Me: "OK sir, but I need an address."
DG: "I'm at a house. Send a cab. When is it going to get here?"
Me: "Is there someone there I can speak with to get the address?"
DG: "Send me a cab. Have them knock on the door. When will it get here?"
Me: "I'm sorry, sir. I can't have my drivers knock on every door in Ann Arbor looking for you. I need an address."
DG: "Send me a cab. Have them knock on the door. When will it get here?"

_Click.
_
What are the odds that this individual would have successfully been able to use a smartphone app to request a RoboCar and set a destination? And arrive there without vomiting or soiling himself?


----------



## R James

What does a self-driving car do when someone barfs? Does it even know? 

And can it tell the difference between a piece of cardboard in the road (run it over) and a piece of plywood (slow down) and a pallet (avoid)? Or the difference between a downed power line (avoid) and a tree branch (maybe)? Or a turtle (avoid) and a snake (run over)?

Also - mark my words - the companies that make the technology will lobby Congress for laws absolving them of liability in crashes - or severly limiting liability. They'll argue that in order to move society forward they must be free from the threat of lawsuits. And they'll get what they what from Congress because they're corporations and we're just people.


----------



## heynow321

the unimaginable costs and infinite unforeseeable unprogrammable non simulatable situations out there that drivers deal with every day will never allow this crap to happen. A small aircraft crashed on a highway in Everett wa recently. how is a SDC going to handle that?

I love it when the reddit-tarded children here post about people in 'call centers' just sitting around being on call to "handle" situations that cars can't handle. Do you understand how god damn ridiculously expensive that would be? not to mention issues of liability, training, pay, insurance, communication technology failing, the list goes on forever. jesus the lack of critical thinking around these parts is downright terrifying. No wonder millennials are such a travesty and have posted record low SAT scores.



brianboru said:


> A few people tossing jack rocks on the highways could shut down an entire city. So could a few people with short range emp devices. Or they could spray paint the camera lenses at traffic stops. There is no end to the possible mischief.


don't forget some kids with a laser pointer can blind the lidar systems. or even lower tech, some kids with spray paint turning a 60 mph sign into an 80 mph sign. computers cant tell the difference.


----------



## nomad_driver

Cableguynoe said:


> Don't forget it's not just UBER that thinks this is close to happening. Google is all in also
> 
> I don't believe a company like Google would be working on this if they didn't believe it was possible.
> I understand Google has money to lose, and if they completely fail at this they'll still be ok.
> But I just don't see them getting behind a 50 year plan. Not even a 20 year plan.
> They obviously know a lot more than us and they believe it's possible.
> So that leads me to believe that this is closer than we think.
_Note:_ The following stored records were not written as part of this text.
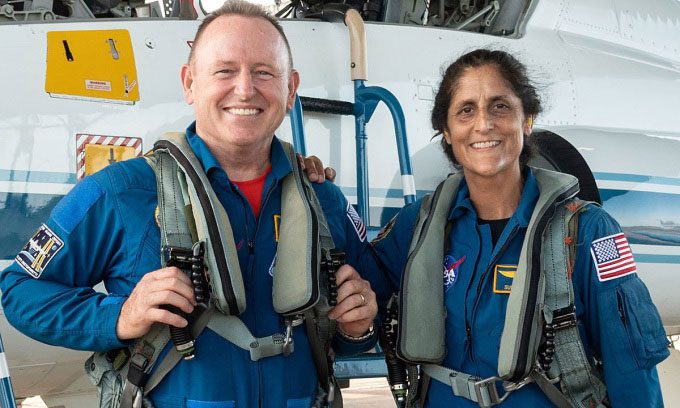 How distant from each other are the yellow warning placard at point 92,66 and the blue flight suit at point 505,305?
1.62 m

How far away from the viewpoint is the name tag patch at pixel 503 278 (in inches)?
77.8

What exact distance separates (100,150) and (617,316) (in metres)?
2.00

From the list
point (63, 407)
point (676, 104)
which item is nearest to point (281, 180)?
point (63, 407)

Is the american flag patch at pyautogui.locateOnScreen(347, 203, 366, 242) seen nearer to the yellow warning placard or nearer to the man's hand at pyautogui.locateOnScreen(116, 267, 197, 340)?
the man's hand at pyautogui.locateOnScreen(116, 267, 197, 340)

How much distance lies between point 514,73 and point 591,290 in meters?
0.63

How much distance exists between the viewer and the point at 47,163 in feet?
9.45

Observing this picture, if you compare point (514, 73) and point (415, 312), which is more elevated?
point (514, 73)

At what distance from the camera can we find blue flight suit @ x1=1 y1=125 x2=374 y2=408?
67.7 inches

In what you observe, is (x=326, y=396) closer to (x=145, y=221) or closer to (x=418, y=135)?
(x=145, y=221)

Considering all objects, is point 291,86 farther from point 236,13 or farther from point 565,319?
point 565,319

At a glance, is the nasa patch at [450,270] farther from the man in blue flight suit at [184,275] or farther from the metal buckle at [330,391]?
the metal buckle at [330,391]

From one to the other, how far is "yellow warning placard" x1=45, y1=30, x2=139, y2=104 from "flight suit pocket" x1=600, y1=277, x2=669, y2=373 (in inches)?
80.0

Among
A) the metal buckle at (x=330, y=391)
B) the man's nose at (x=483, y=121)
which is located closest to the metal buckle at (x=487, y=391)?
the metal buckle at (x=330, y=391)

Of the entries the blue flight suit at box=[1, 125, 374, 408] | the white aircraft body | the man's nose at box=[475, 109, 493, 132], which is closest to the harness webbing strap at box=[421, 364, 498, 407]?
the blue flight suit at box=[1, 125, 374, 408] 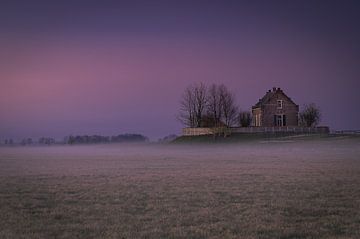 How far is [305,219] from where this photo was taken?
16.7 metres

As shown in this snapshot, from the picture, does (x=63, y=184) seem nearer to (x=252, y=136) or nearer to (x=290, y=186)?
(x=290, y=186)

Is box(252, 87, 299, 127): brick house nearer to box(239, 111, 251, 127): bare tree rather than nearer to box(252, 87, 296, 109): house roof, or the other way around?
box(252, 87, 296, 109): house roof

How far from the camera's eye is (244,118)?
136500 mm

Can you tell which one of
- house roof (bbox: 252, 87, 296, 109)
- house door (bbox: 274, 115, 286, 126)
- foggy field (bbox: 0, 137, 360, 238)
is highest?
house roof (bbox: 252, 87, 296, 109)

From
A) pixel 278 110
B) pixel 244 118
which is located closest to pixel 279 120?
pixel 278 110

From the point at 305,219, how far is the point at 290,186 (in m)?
8.85

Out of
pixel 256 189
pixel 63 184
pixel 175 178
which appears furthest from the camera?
pixel 175 178

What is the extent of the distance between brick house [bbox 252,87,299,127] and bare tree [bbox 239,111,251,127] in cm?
1428

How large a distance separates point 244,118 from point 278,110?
17.8 meters

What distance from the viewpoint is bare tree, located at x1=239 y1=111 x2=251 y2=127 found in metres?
136

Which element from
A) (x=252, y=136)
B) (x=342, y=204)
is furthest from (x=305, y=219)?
(x=252, y=136)

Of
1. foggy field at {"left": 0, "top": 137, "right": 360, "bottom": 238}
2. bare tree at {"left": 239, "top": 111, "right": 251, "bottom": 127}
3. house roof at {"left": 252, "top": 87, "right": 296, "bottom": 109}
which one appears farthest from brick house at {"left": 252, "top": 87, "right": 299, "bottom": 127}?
foggy field at {"left": 0, "top": 137, "right": 360, "bottom": 238}

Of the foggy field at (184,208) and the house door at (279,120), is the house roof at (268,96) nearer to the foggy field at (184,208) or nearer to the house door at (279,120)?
the house door at (279,120)

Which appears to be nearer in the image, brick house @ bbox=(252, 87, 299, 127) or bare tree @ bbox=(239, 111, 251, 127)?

Google also thought that computerized glasses were a good idea.

Google can't even get their browser to work right and I'm supposed to let them drive my car? Pass.


----------



## sirius black

nomad_driver said:


> Google also thought that computerized glasses were a good idea.


Actually, the glasses *are* widely used in the medical field. Someone in a remote office is transcribing everything that's happening while a doc wearing them is doing the exam. Extremely useful w/ Oncology docs and others that have loads of data to chart.

BUT - To your other point, they're not immune to problems, which is masked by the huge cash flow they have. No "ordinary" company would be able to operate and throw $ at things like they do (Uber is trying, though). Difference is, Google finds ways to make a return on *some/most* of their investments. I don't think this is one of them. I see Google's position as making sure they're in front and in it just enough to be able to cash in if it actually takes off.

Maybe the next generation will enjoy being carted around without giving a thought to how they're getting there. I just don't see SD being *the* mode of transportation for at least 20 years. How many people dumped $3,500 extra into a car that parallel parks itself ? Yeah, it's cool, but it's a worthless option. People with money to burn will get to play with it. MAYBE if it could be added inexpensively it would catch on, but that's years and years away. Which means the only "big" market is Ride Share/Taxi/Transportation, and as noted earlier, it's not a given that they could make any money off of fleets of cars. Shipping might stand to make more $ than people moving from all of this - Tractor Trailers that go from coast to coast, 24/7, with nothing but fuel stops just might be the niche, but they're also 10x scarier if they go out of control.


----------



## tomatopaste

swingset said:


> I did. Didn't change my opinion or point at all. You're drunk on futurism. It's not happening in 5 years.
> 
> The road blocks aren't the tech. It's ethics, liability, infrastructure, nature, government, and real world guidance.
> 
> You can structure a test and demonstration to make miracles. Murphy lives in the real world.


It's happening in less than five years. In fact it's already here.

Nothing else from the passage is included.